Saturday, July 10, 2010

Perfect Citizen: US to set up secret 'Big Brother' surveillance system to monitor internet for cyber-attacks | Mail Online

US to set up secret 'Big Brother' surveillance system to monitor internet for cyber-attacks

By Daily Mail Reporter
Last updated at 1:48 PM on 9th July 2010

The US plans to install a Big Brother-style monitoring system on the computer systems of private companies and government agencies to prevent cyber-attacks from abroad.

The program, named Perfect Citizen, will rely on sensors that will be deployed in networks running critical infrastructure such as the electricity grid and nuclear-power plants.

It will be able to detect any attempt by foreign saboteurs to launch a cyber-attack .

But privacy campaigners have reacted furiously, saying that 'mission creep' will make it easy for security forces to effectively spy on normal citizens.

Inside the control room

Inside the control room at a US nuclear power station. US security chiefs fear key infrastructure could be at risk from cyber-attack

U.S. intelligence officials are concerned about Chinese and Russian surveillance of computer systems that control key parts of the U.S. infrastructure.

Today the National Security Agency (NSA) attempted to play down fears that the project will be used to spy on citizens.

The program is 'purely a vulnerabilities-assessment and capabilities-development contract,' Judith Emmel, an NSA spokeswoman.

'This is a research and engineering effort,' she said. 'There is no monitoring activity involved, and no sensors are employed in this endeavour.'

A US military official have dismissed privacy concerns and claim that intrusion into the private lives of citizens is no worse than that from speed cameras.

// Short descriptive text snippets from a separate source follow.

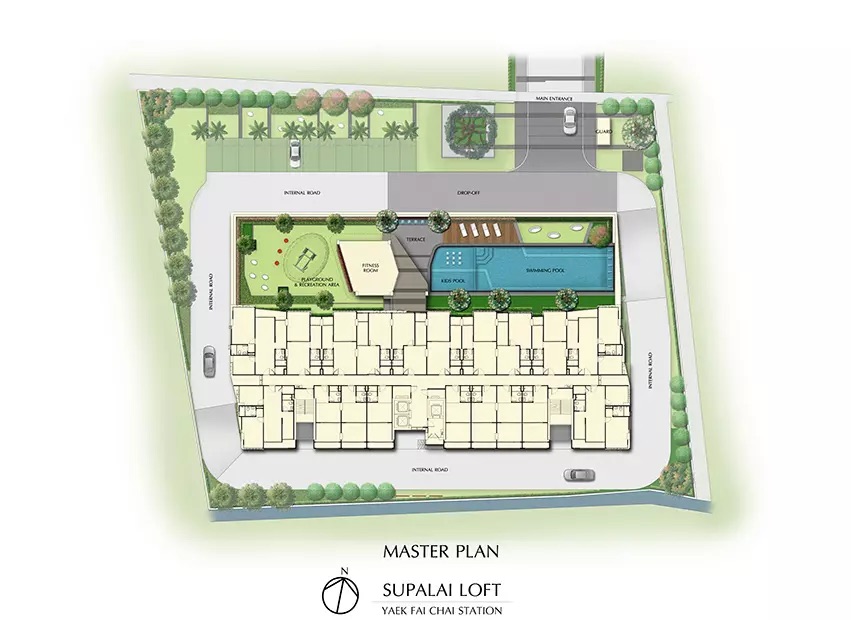 รูปโครงการ ศุภาลัย ลอฟท์ สถานีแยกไฟฉาย (Supalai Loft Yaek Fai Chai Station)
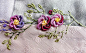 Bullions and French Knots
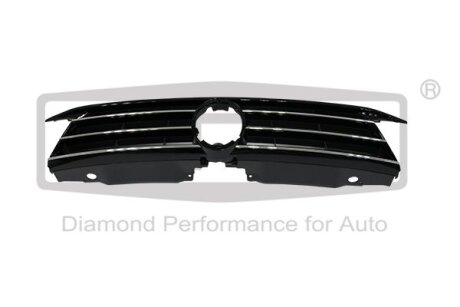 Решітка радіатора на VW Jetta 2011-, без емблеми DPA 88531786902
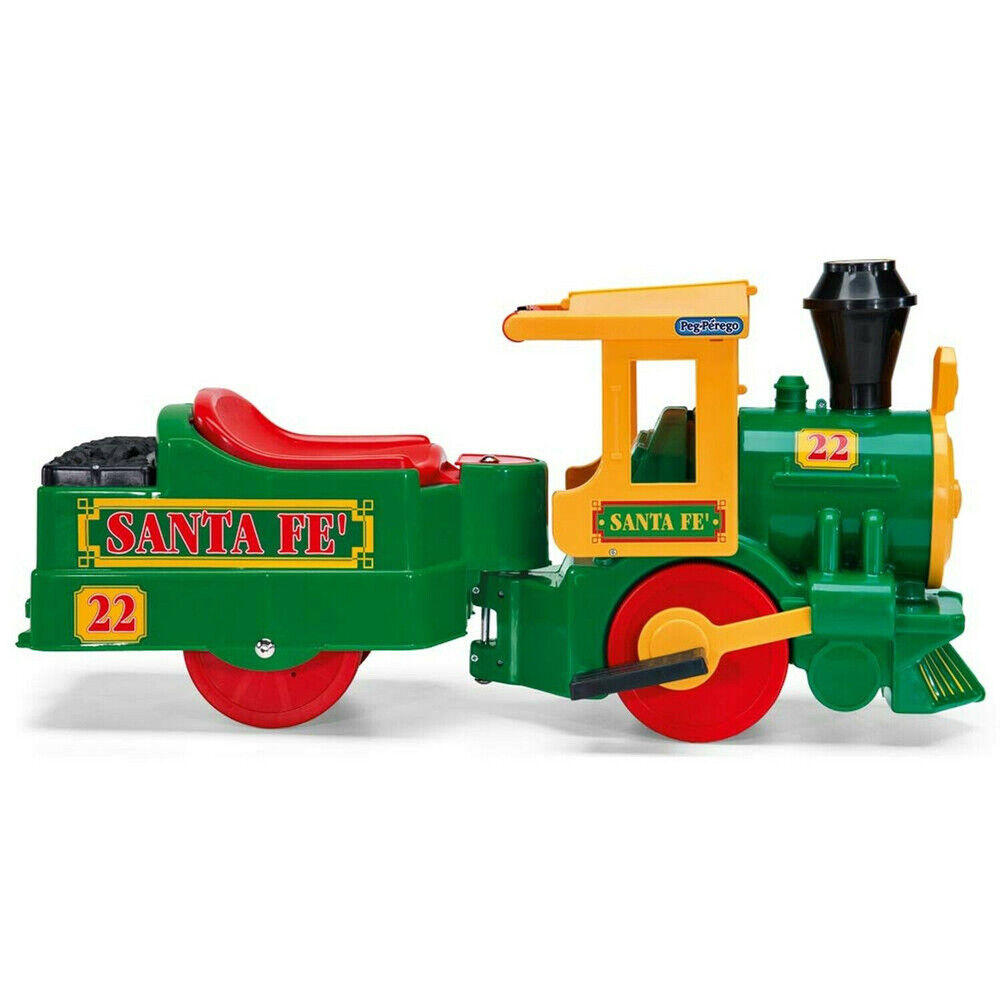 Santa Fe 6-Volt Ride-On Train by Peg Perego: The Perfect Gift for Little Engineers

Perfect Citizen is a 'logical extension' of work employed in the past to protect critical infrastructure from sabotage, he said.

Defence firm Raytheon won a contract for the classified work's initial phase valued at up to $100 million, according to the Wall Street Journal.

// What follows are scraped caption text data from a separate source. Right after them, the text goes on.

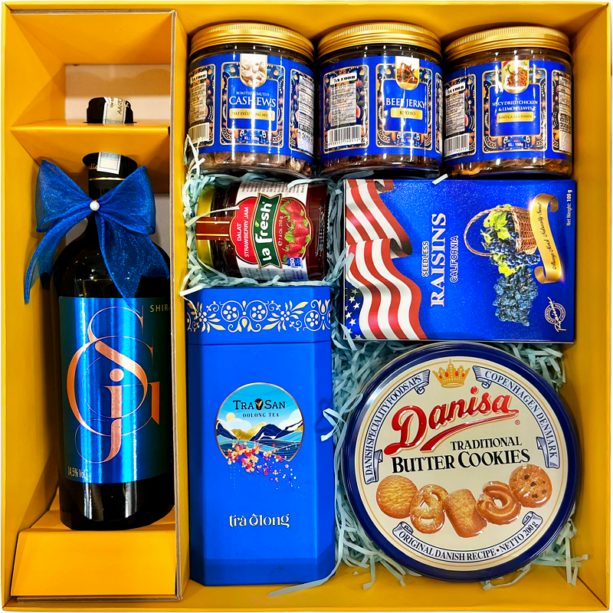 Hộp quà tết Đong Đầy 11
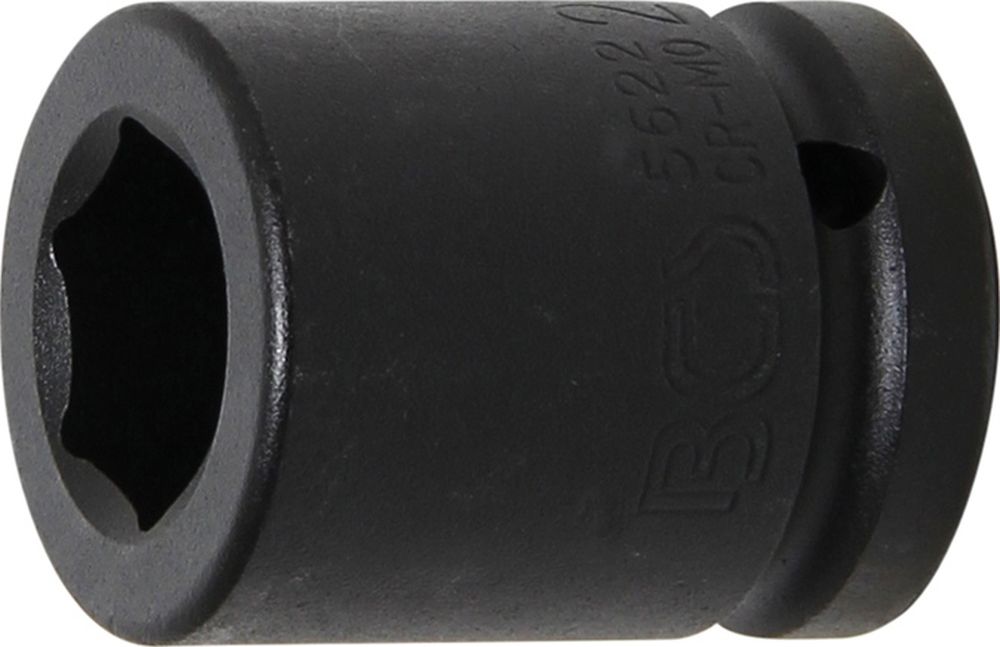 BGS Kraft-Steckschlüssel-Einsatz Sechskant | Antrieb Innenvierkant 20 mm (3/4") | SW 22 mm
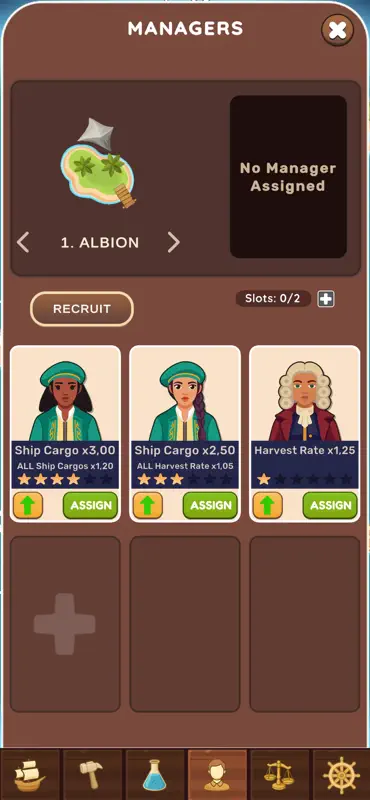 Idle Islands: Age of Sails screenshot 3 of 5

'You've got to instrument the network to know what's going on, so you have situational awareness to take action,' a military source told the paper.

'This contract provides a set of technical solutions that help the National Security Agency better understand the threats to national security networks,' Emmel said.

'Any suggestions that there are illegal or invasive domestic activities associated with this contracted effort are simply not true,' Emmel said.

'We strictly adhere to both the spirit and the letter of U.S. laws and regulations.'

Earlier this year Google's email service, GMail, came under attack from Chinese hackers trying to access the accounts of human rights activists in the country.

U.S. Deputy Secretary of Defence William Lynn said last month that more than 100 intelligence agencies and foreign militaries were actively trying to penetrate U.S. computer systems.

He said that 'weapons-system blueprints are among the documents that have been compromised.'

The United States must be able to operate freely in cyberspace amid dangers of 'remote sabotage,' General Keith Alexander said June 3 in his first public remarks as head of U.S. Cyber Command.

Cyber Command was set up in May to protect U.S. interests in cyberspace.